▸ **Data block**:
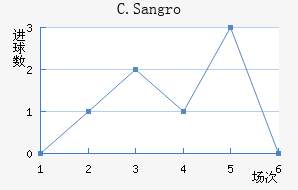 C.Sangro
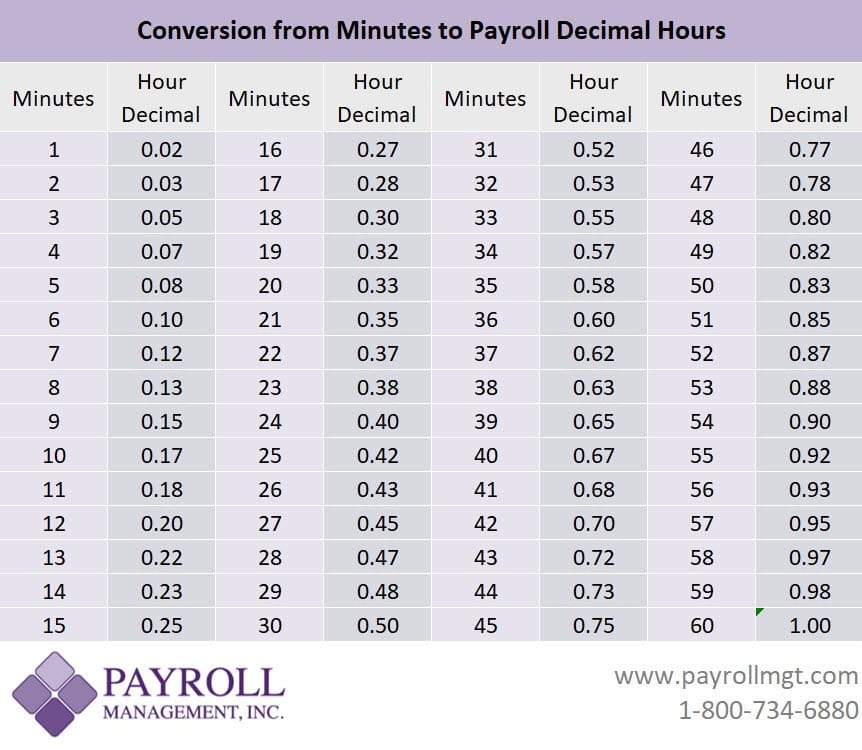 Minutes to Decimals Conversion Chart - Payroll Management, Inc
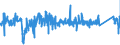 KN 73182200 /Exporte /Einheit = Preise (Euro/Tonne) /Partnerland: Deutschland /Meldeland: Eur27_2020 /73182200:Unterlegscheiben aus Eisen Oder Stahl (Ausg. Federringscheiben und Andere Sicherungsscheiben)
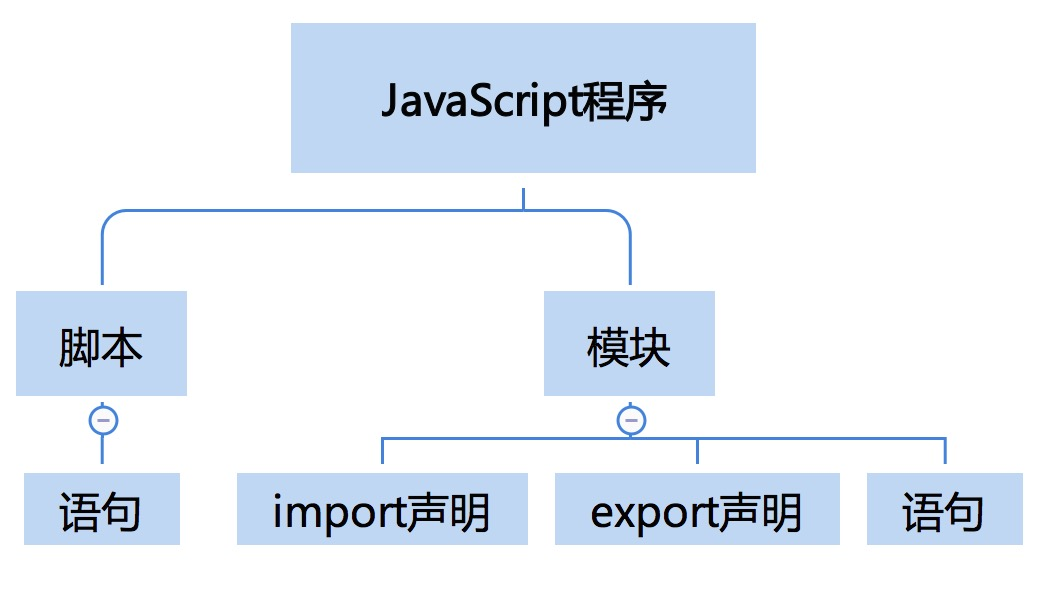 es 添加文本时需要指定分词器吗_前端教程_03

▸ **What is needed**: Everything in the listing except the pictures must be reproduced exactly.

▸ **Exercise solution**:
 C.Sangro
 Minutes to Decimals Conversion Chart - Payroll Management, Inc
 KN 73182200 /Exporte /Einheit = Preise (Euro/Tonne) /Partnerland: Deutschland /Meldeland: Eur27_2020 /73182200:Unterlegscheiben aus Eisen Oder Stahl (Ausg. Federringscheiben und Andere Sicherungsscheiben)
 es 添加文本时需要指定分词器吗_前端教程_03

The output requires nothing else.